Put an inch or two of water in a large pot. Bring to a boil, then reduce to a simmer. In a large bowl add the egg whites, sugar, cream of tartar, and salt. Whisk well. Place over the simmering water and whisk constantly. Heat to (5)160 degrees (about five minutes) The mixture should be doubled in volume and frothy. Remove from heat. Beat on high speed for five minutes until stiff peaks form. Reduce speed to medium and add the butter one piece at a time until each is incorporated. Add (7)shortening in 2-3 T increments as well. Add the vanilla and beat on high an additional minute.

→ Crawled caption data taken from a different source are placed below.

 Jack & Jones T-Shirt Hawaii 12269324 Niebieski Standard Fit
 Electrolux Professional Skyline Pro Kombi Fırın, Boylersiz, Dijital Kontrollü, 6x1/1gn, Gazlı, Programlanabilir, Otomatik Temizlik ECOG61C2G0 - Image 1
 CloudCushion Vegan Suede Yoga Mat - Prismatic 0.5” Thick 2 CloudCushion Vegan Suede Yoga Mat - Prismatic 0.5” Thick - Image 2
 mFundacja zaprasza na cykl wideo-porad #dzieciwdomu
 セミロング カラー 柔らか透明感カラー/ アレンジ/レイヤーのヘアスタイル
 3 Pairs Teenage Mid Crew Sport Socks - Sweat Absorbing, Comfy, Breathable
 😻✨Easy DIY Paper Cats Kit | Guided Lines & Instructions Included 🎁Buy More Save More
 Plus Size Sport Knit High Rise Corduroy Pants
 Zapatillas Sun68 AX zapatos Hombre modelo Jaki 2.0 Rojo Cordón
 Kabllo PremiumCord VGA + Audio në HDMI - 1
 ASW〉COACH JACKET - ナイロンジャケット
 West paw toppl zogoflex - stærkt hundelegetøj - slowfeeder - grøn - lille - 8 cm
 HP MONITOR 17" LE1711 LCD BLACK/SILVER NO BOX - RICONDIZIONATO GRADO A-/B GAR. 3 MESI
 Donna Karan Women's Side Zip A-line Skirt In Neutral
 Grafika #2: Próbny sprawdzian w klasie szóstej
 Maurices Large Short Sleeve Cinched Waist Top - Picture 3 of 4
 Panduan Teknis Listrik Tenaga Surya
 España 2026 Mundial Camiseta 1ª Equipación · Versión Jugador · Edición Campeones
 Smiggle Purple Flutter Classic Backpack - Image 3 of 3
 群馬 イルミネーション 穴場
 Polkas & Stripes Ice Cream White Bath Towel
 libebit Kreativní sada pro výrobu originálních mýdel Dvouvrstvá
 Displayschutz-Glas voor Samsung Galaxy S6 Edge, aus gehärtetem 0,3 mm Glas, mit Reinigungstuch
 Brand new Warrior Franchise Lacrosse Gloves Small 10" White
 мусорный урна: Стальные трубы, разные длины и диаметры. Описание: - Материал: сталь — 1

Cover and store at (6)room temperature until ready to use.

Assembly
Level the cake with a serrated knife. Cut each round in half horizontally. Place one the bottom halves on the serving tray. Spread 1/3 of the raspberry filling on top leaving 1/4-1/2 inch around the edge because it will get pressed down and spread out the sides. This makes it very difficult to frost. This makes it very difficult to frost and not mix the raspberry with the buttercream. Prepare the bottom of the next layer with a thin layer of buttercream. Place this buttercream side down on the first layer. Repeat three times. Top with the last cake half. Frost with the remaining buttercream. Slice and serve!

Notes
1. It is a little tedious to mix it this way, but it will mix in more evenly.
2. Traditionally to tell if a cake is done a toothpick or knife is inserted into the center. I don't like to do this, it deflates cakes that aren't done. Gently touch the middle of the cake. If it feels jiggly inside it isn't done. If it just barely springs back or gives a little resistence it is done and should be removed from the oven. It may seem a bit undone, but will continue to bake while it sits. If it is very firm, it is overdone.
3. It's good to flip it after inverting it so that the domed top is on the top. If it is on the bottom it puts pressure on the middle of the cake and squishes it.
4. The butter needs to be at room temperature or slightly cooler. Cold butter won't incorporate and melted butter will curdle and ruin the buttercream.
5.160 degrees is the point where the eggs are pasteurized and safe to eat.
6. It’s best to keep this at room temperature because of the high butter content. Refrigerating it will make it hard. If you do refrigerate it soften it carefully in the microwave 5-8 seconds at a time stirring between each interval to make sure it doesn’t melt. Once it melts it’s ruined.
7. I tried a store brand shortening once and the consistency was awful. It may be fine to bake with, but it won't work very well for a frosting.
8. Cake flour creates a very fine, soft crumb. If you substitute with all-purpose flour do so by weight not volume. So still use 15 oz which is only 3 cups rather than 3 3/4 cups.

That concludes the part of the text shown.